→ REQUIREMENT
Find the line below with "ALLBIRDS Women's 'Tree" and the line with "Frozen Waterfall Watch". Output exactly those lines and everything between them, leaving out the pictures.

→ INPUT
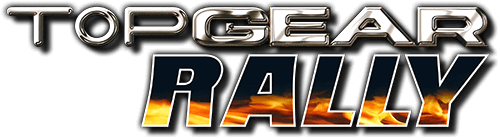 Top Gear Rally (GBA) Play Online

* * *

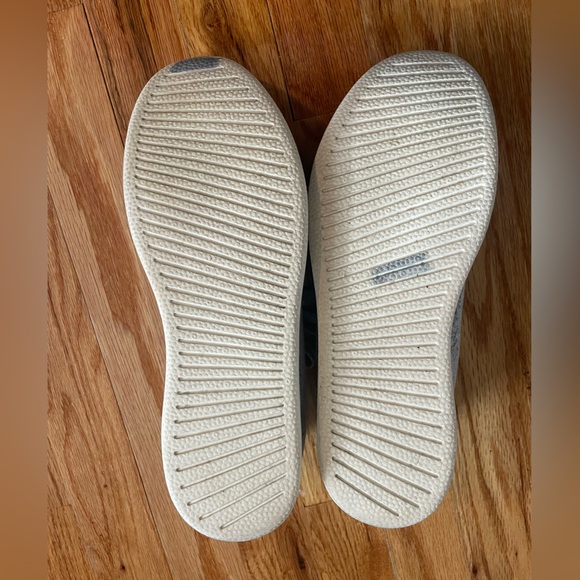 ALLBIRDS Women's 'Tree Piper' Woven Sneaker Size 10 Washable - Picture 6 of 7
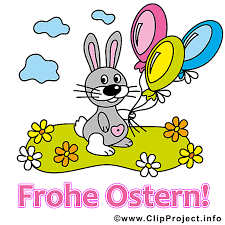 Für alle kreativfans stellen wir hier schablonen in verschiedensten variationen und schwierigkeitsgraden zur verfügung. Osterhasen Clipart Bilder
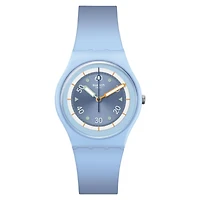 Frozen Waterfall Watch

→ RESPONSE TO THE TASK
 ALLBIRDS Women's 'Tree Piper' Woven Sneaker Size 10 Washable - Picture 6 of 7
 Für alle kreativfans stellen wir hier schablonen in verschiedensten variationen und schwierigkeitsgraden zur verfügung. Osterhasen Clipart Bilder
 Frozen Waterfall Watch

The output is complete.